Роберт озадаченно смотрел на него.

— Ну да, — понимающе сказал он, — Хенна.

— Я же не имею права делать того, что не подобает гражданину Хенны. Я — в особенности. Я был бы лгуном в своих глазах, если бы уклонился от службы.

Роберт кивнул.

— Но здесь — не Хенна, — настаивал студент. — Каким бы древним и почтенным ни был мой город, он все же остается приютом молодости, прибежищем радости. Если я когда-нибудь смогу пройтись с вами по этому городу, куда нам запрещено выходить, то, может быть, я узнаю в нем знакомые черты и отыщу по крайней мере какие-то следы, которые укажут мне путь.

— Мы, — сказал Роберт, — прибыли на другой конец мира, но вполне может статься, что это тот же самый мир. Я живу в центре города, — продолжал он, уклоняясь от прямого ответа, — в большом Архиве, где собраны замечательные сочинения и документы, которым вы бы порадовались. И ваши художественные легенды о Хенне тоже, возможно, взяты теперь туда на хранение на какой-то срок.

— Вы придаете такое значение моим работам! — сказал юноша. — Но, — заметил он, — у меня создалось впечатление, что последняя моя статья вам понравилась меньше, чем прежние.

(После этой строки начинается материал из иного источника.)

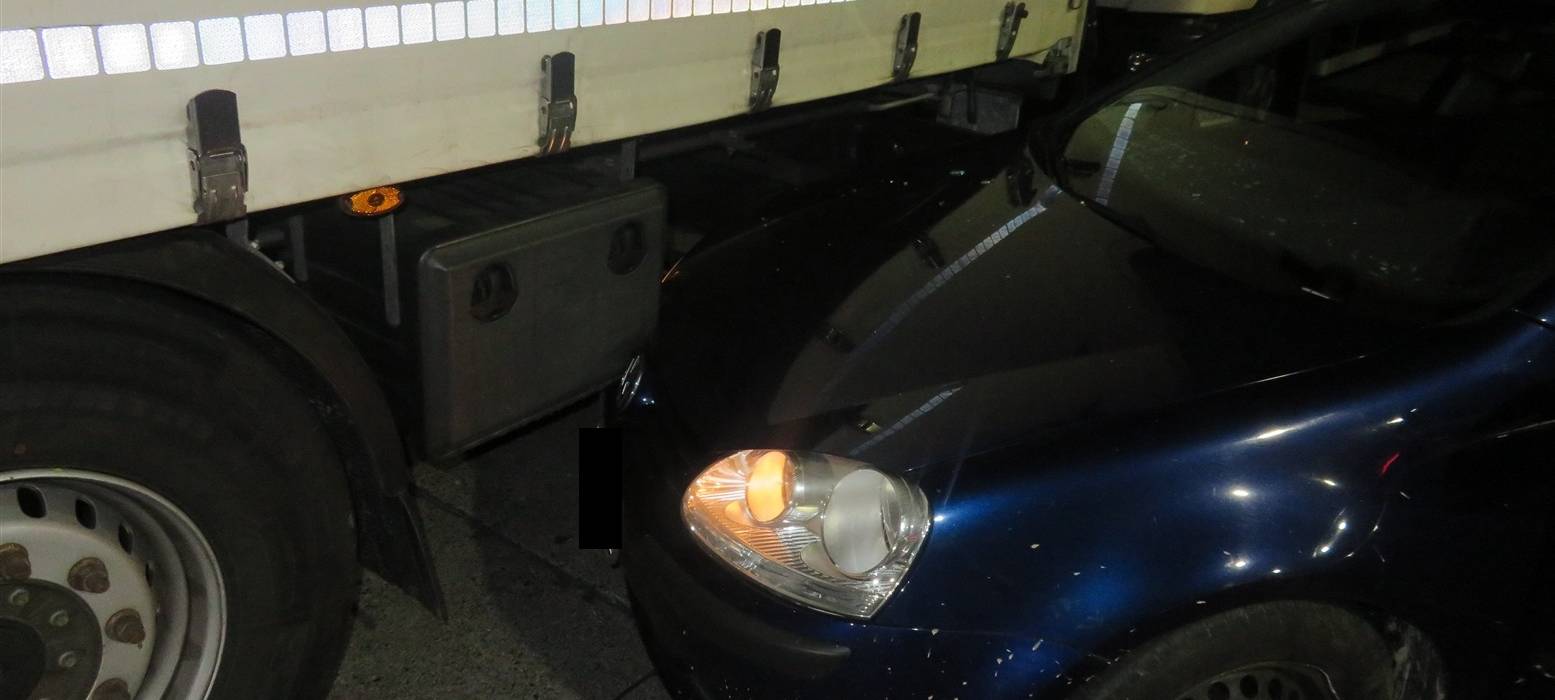 Mit 180 km/h: Achtjähriger rast erneut über die Autobahn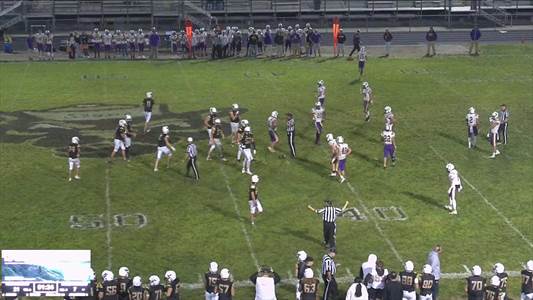 Soccer Recap: Stone Memorial Wins Going Away Against Silverdale 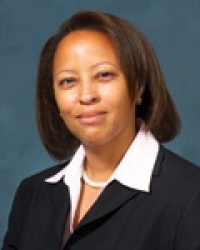 Dr. Tracy Larkins Muhammad, MD, Internist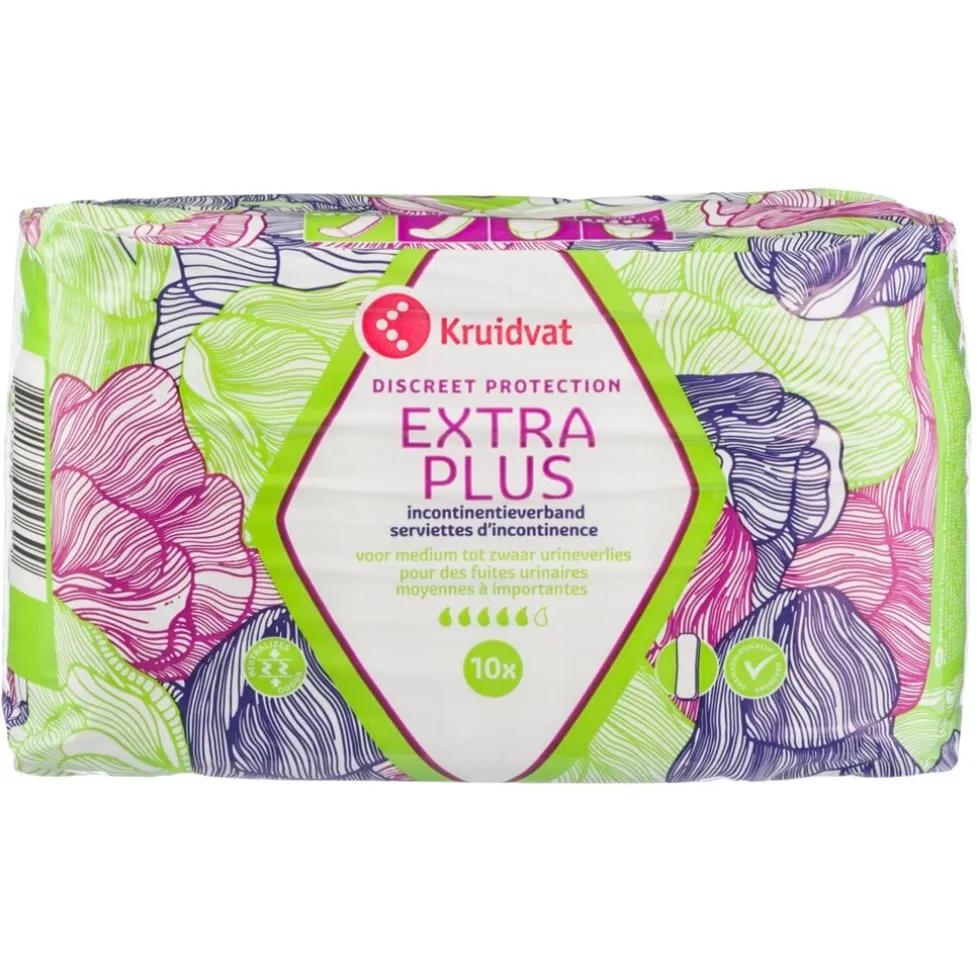kruidvat-discreet-protection-e-qIFAuhWV-1.webp Best Kruidvat Discreet Protection Extra Plus Incontinentieverband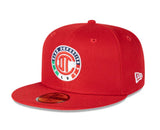 New Era Club Deportivo Toluca 59fifty Fitted Cap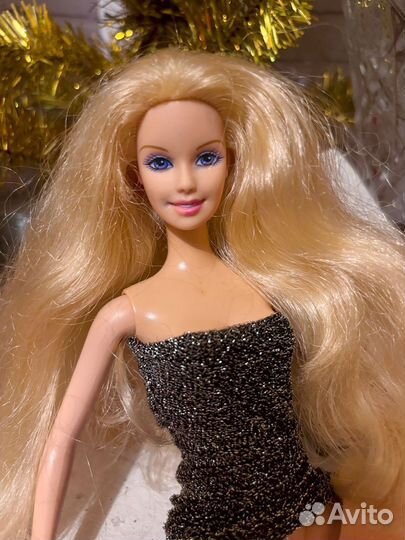 Кукла барби barbie Одетта Лебединое озеро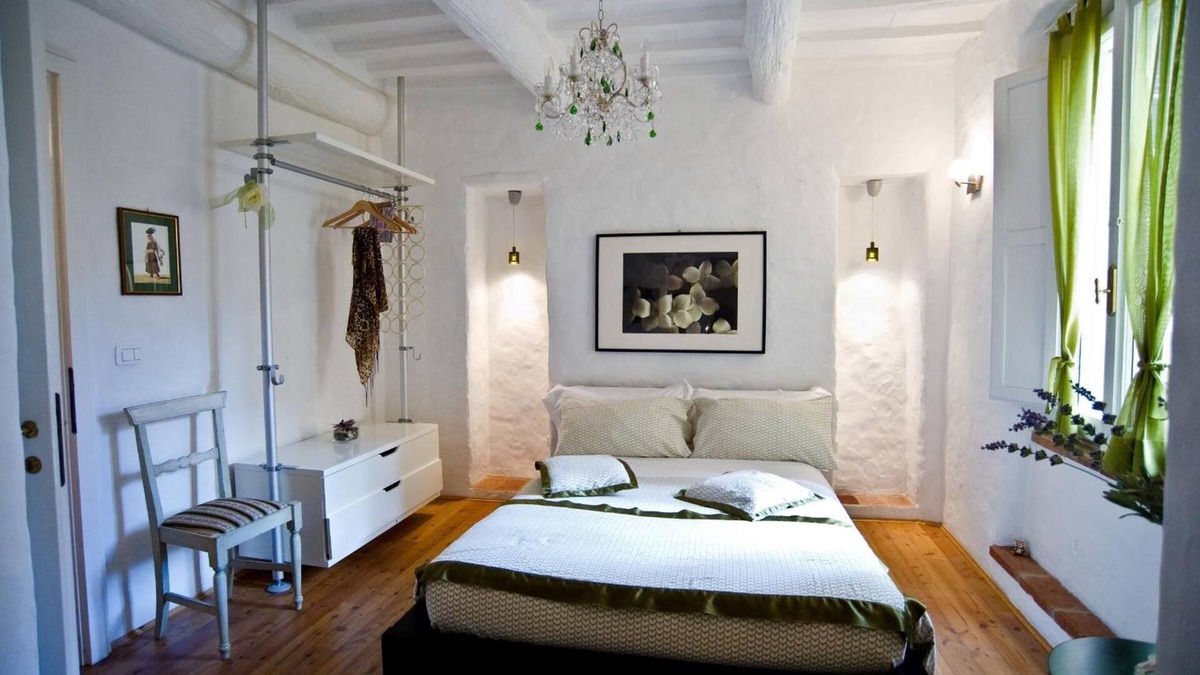 Arezzo Bed & Breakfast | Antiche Mura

Роберт высказал свои соображения на этот счет и сказал, что можно было бы внести кое-какие изменения и дополнения в рукопись, но оборвал себя и закончил предложением:

— Но ведь и фрагмент может оставаться для нас свидетельством.

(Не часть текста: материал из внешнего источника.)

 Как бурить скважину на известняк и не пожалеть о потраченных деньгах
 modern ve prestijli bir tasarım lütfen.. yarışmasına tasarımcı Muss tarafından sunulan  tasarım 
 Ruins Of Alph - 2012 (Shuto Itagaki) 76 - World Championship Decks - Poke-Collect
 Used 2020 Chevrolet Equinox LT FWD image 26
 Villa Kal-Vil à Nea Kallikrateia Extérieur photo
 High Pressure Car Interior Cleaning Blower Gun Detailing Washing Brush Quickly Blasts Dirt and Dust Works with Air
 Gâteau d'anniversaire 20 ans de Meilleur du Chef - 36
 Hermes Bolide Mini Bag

— Он слишком мало значит, — возразил Лахмар, — ибо то, что стало очевидным, не заменяет того, что еще не стало очевидным.

Архивариусу до боли в душе стало жаль безвременно ушедшего из жизни юноши, еще даже не осознавшего своей смерти и жизни, которую насильственно оборвали и которая осталась фрагментом. Она загорелась и угасла, как метеор, на мгновение вспыхивающий на ночном небосводе, и немногие, быть может, заметили ее светящийся след; но Роберт знал, что в его памяти она еще не скоро угаснет.

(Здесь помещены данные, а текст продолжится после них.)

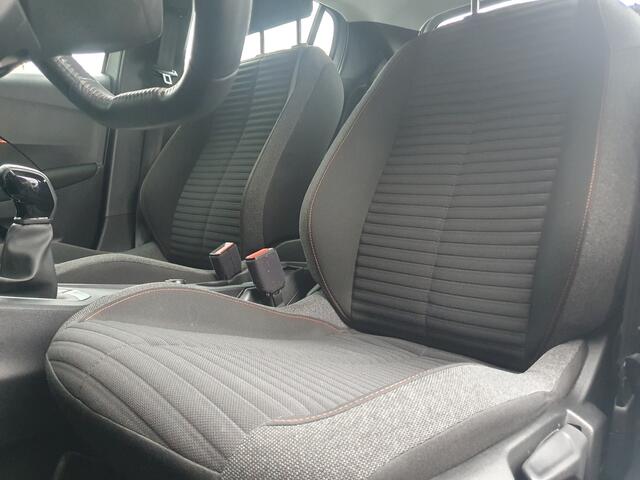 Peugeot 208 1.2 PureTech Active AIRCO/CRUISE/EL.PAKKET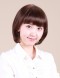 中长发 微卷 沙宣头 时尚发型女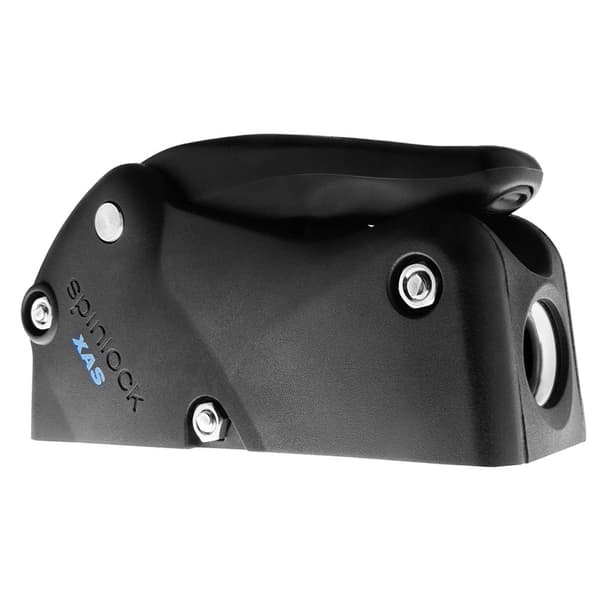 Spinlock Koppling Xas 4-8 Mm Svart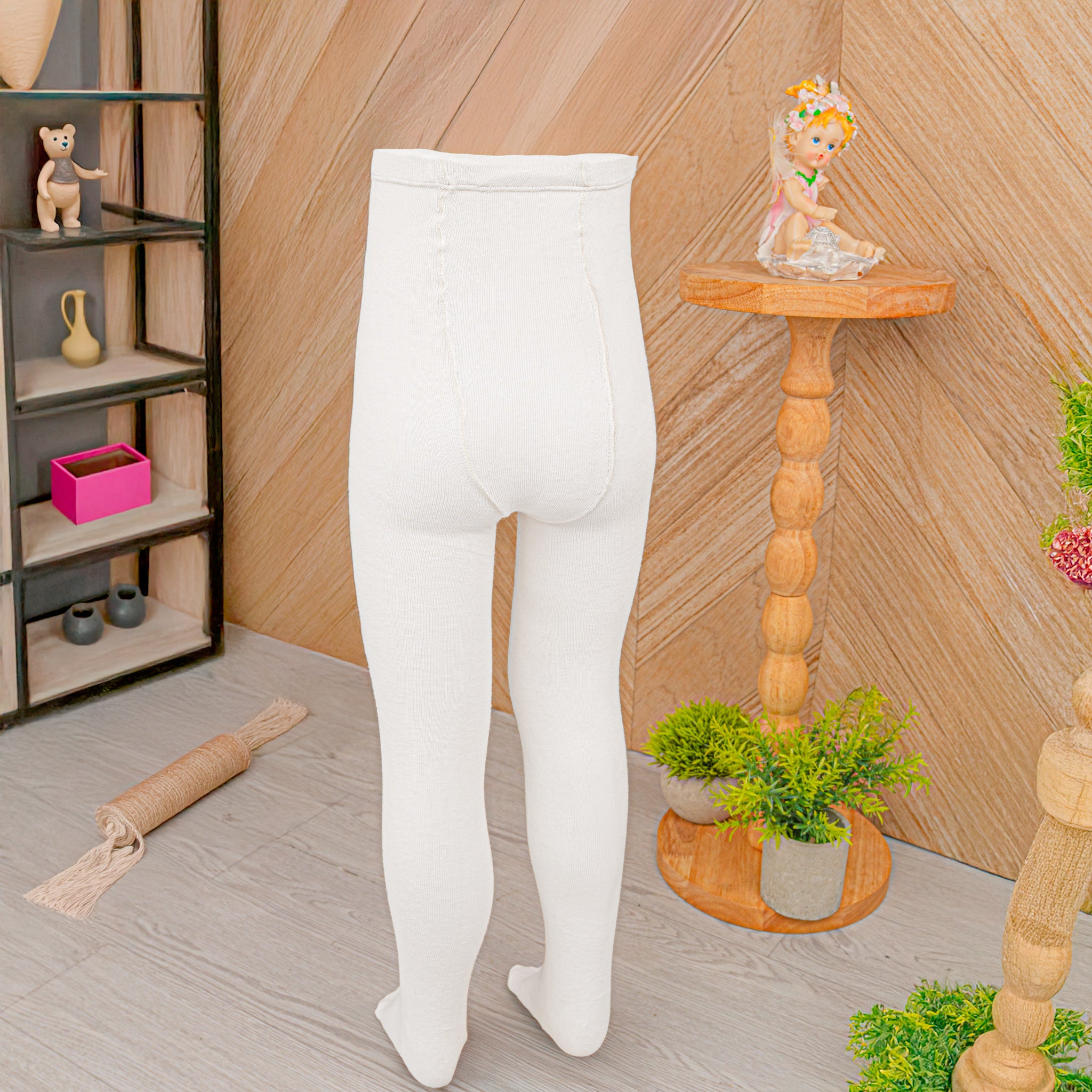 Malla Bautizo 731 Nylon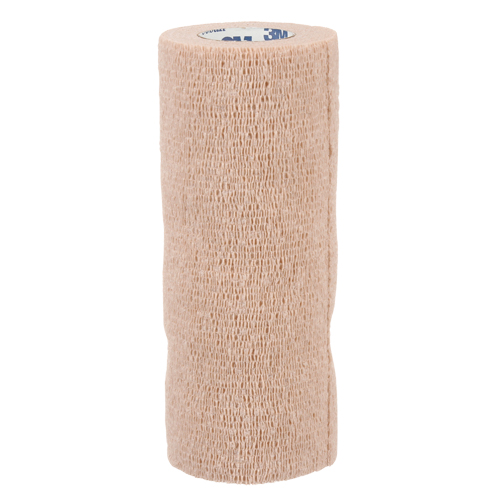 Coban Wrap, Cut to Size L x 6" W, Class 1, Self-Adherent Distribution Élite MP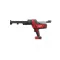 Pistol de chit și lipici fără fir MILWAUKEE 310 ml C18 PCG/310C-0B (fără baterie + încărcător)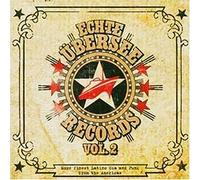 Various – Echte Ubersee Records Vol.2 – Import néerlandais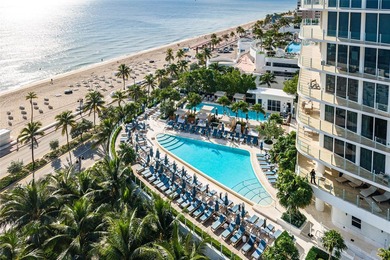 Beach Condo For Sale in Fort Lauderdale, Florida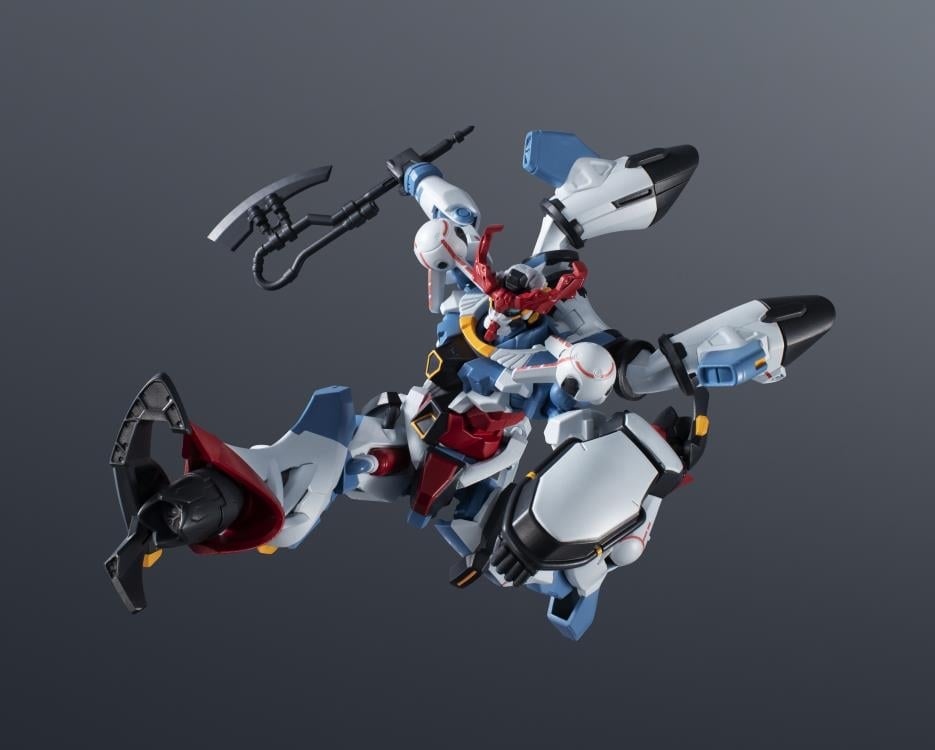 Mobile Suit Gundam GQuuuuuuX Gundam Universe Gundam GQuuuuuuX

Лахмар извинился перед своим уважаемым учителем, как он называл доктора Линдхофа, что в настоящее время чувствует себя еще слишком слабым.

— Увижу ли я вас еще когда-нибудь? — спросил он на прощание.

Архивариус заметил в его глазах сомнение.

— Конечно, — сказал он, хотя и понимал, что они уже больше не встретятся. — Нас будет связывать Хенна.

Умиротворенное выражение еще оставалось на лице юноши, когда он снова растянулся на каменных плитах пола; заложив руки за голову, он доверчиво смотрел вверх перед собой.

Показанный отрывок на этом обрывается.